The stages of pluralism were originally modeled on Piaget's stages of cognitive development and Kohlberg's stages of moral development. (Thanks, NYC Teaching Fellows, for the free M.A. in education!) That is, the premise was that a community's discourse would advance from one stage to the next to the next (or at least that a community is primarily in a single stage at any given time, and this stage characterizes all of its pluralistic discourse).
Now I'm thinking the stages are actually more like Erikson's stages of psychosocial development (which have previously been mentioned in Hilchot Pluralism, but then I was referencing Erikson's actual content; now I'm just drawing an analogy). That is, even when a community moves on to a new stage, the previous stages remain present.
Even if a community functions primarily in Stage 3, the Hilchot Pluralism series has shown repeatedly that there are many cases in which a Stage 3 solution is not possible. A solution in which no one has to compromise is nice work if you can get it, but in the event that this is not possible, yet the community wants to both stay together and maintain some sort of pluralistic approach on the given issue, it must seek some sort of compromise. This often means functioning in Stage 2 despite its flaws. And there are even cases when Stage 1 is unproblematic even for a community that ordinarily operates in Stage 3. For example, the two-table system may represent a Stage-3 approach to pluralistic potlucks, but if a community is having a catered meal (so that the different approaches to kashrut in participants' kitchens are not relevant), the Stage-1 "common denominator" logic (leading to using a caterer under kashrut supervision) may work just fine. And if Stage 0 is non-pluralism, every community has things that it is non-pluralistic about.

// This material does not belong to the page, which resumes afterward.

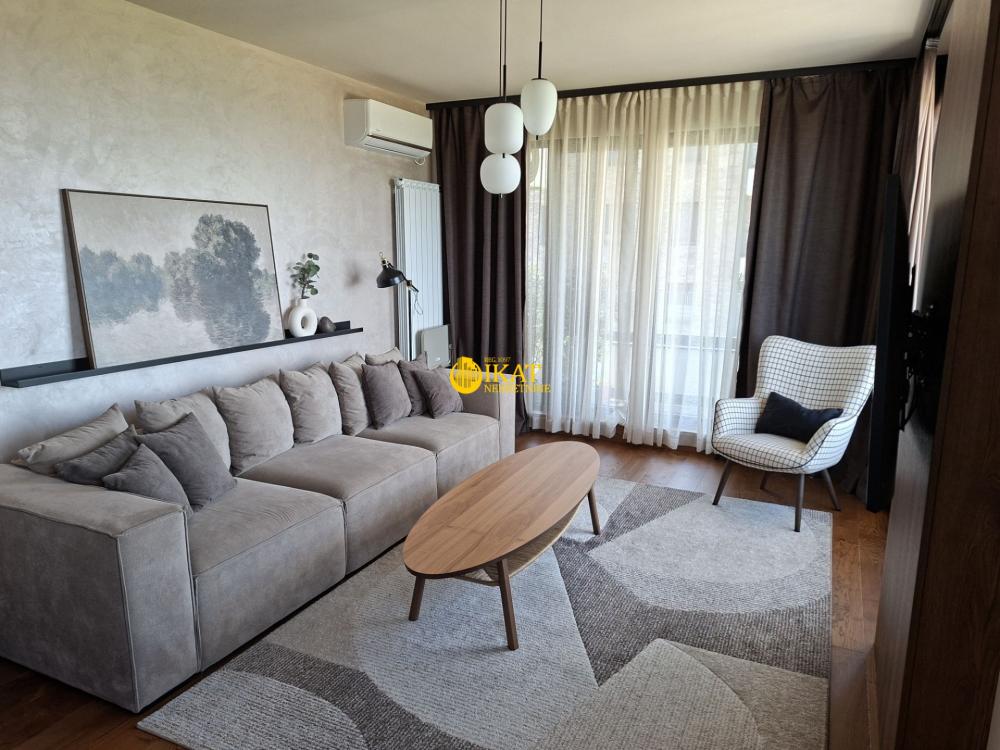 Stan na prodaju u Beogradu, Višnjička banja, trosoban, 74m2, cena 248000 evra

So is it time for a Hilchot Pluralism Part VIII yet? If so, what belongs in it? One question that people asked repeatedly over the weekend is how to deal with "Who is a Jew?" issues, but I'm not aware of any satisfactory pluralistic approach to the question (beyond Stage 1, which is quite unsatisfactory in this case). All the Jewish denominations have official stances on "Who is a Jew", and independent minyanim have the luxury of not taking a stance until it arises as a practical question. This means that if anyone asks the question in theory, an independent community can honestly answer that it doesn't have any official position. But that is no help if and when the question arises in practice.